What assurance have we that our masters will or can keep the promise which induced us to sell ourselves? Let us not be deceived by phrases about 'Man taking charge of his own destiny'. All that can really happen is that some men will take charge of the destiny of all the others.
"Is Progress Possible? Willing Slaves of the Welfare State," God in the Dock, ed. Walter Hooper, Grand Rapids, MI: William B. Eerdmans Publishing Company, 1970, p. 316

The real picture is that of one dominant age . . . which resists all previous ages most successfully [by debunking the traditions] and dominates all subsequent ages most irresistibly [by planning society], and thus is the real master of the human species.
The Abolition of Man, 1947, New York: Macmillan Publishing Co., Inc., 1974, p. 71.

Man's conquest of Nature turns out, in the moment of its consummation, to be Nature's conquest of Man. . . . If the fully planned and conditioned world . . . comes into existence, Nature will be troubled no more by the restive species that rose in revolt against her so many millions of years ago, will be vexed no longer by its chatter of truth and mercy and beauty and happiness.
The Abolition of Man, 1947, New York: Macmillan Publishing Co., Inc., 1974, p. 80.

The price of conquest is to treat a thing as mere Nature. Every conquest over Nature increases her domain. . . . But as soon as we take the final step of reducing our own species to the level of Nature, the whole process is stultified, for this time the being who stood to gain and the being who has been sacrificed are one and the same.
The Abolition of Man, 1947, New York: Macmillan Publishing Co., Inc., 1974, p. 83.

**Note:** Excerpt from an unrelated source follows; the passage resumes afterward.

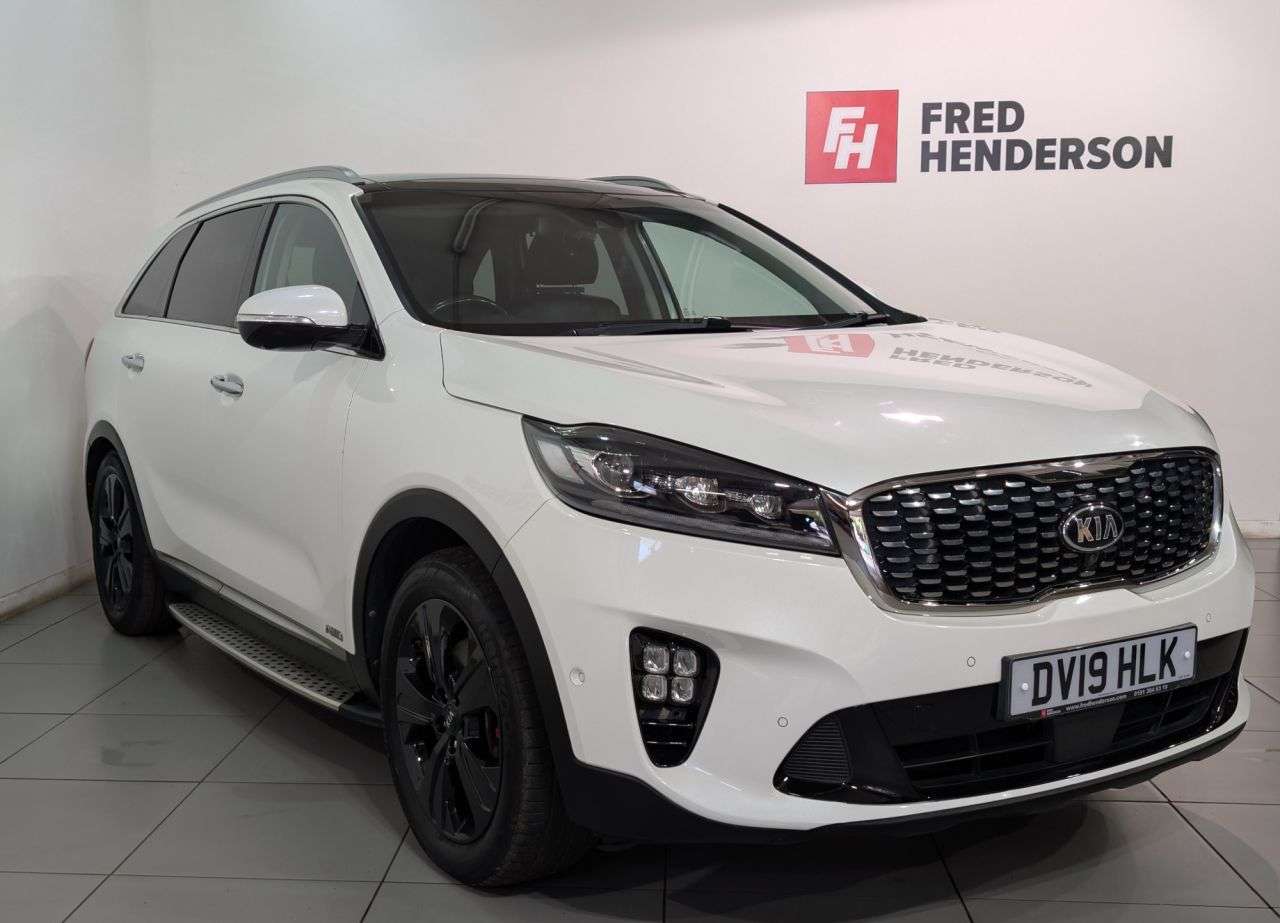 A 2019 KIA SORENTO 2.2 CRDi GT-Line S SUV 5dr Diesel Auto AWD Euro 6 (s/s) (197 bhp) A 2019 KIA SORENTO 2.2 CRDi GT-Line S SUV 5dr Diesel Auto AWD Euro 6 (s/s) (197 bhp)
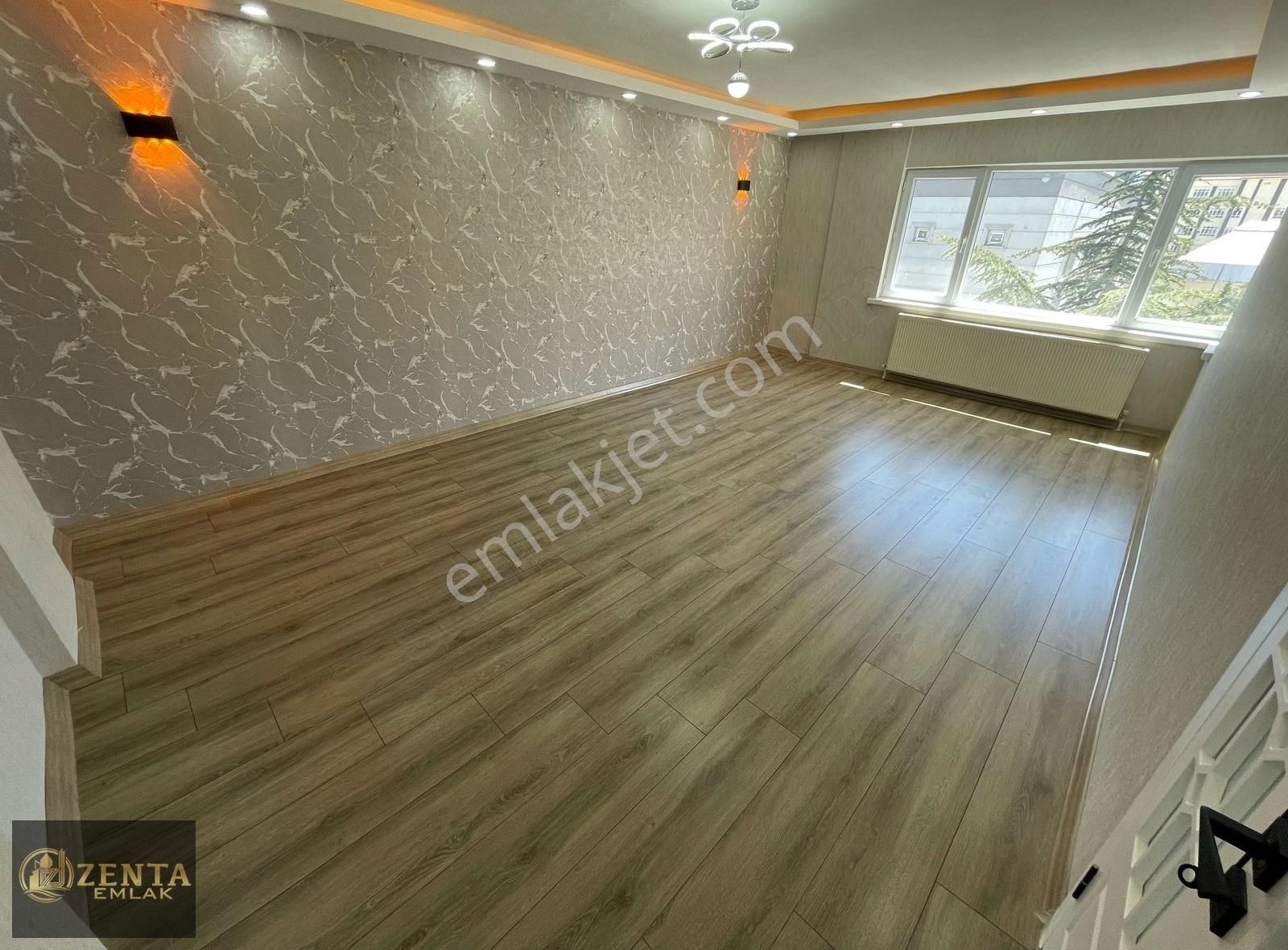 Zenta'dan Akşemsettin Mah'de 3+1 Ful Yapılı Katta Satılık Daire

. . . Man's conquest of himself means simply the rule of the Conditioners over the conditioned human material, the world of post-humanity which, some knowingly and some unknowingly, nearly all men in all nations are at present labouring to produce.
The Abolition of Man, 1947, New York: Macmillan Publishing Co., Inc., 1974, p. 86.

The true object [of the modern era as introduced by Bacon] is to extend Man's power to the performance of all things possible. He [Bacon] rejects magic because it does not work, but his goal is that of the magician.
The Abolition of Man, 1947, New York: Macmillan Publishing Co., Inc., 1974, p. 89.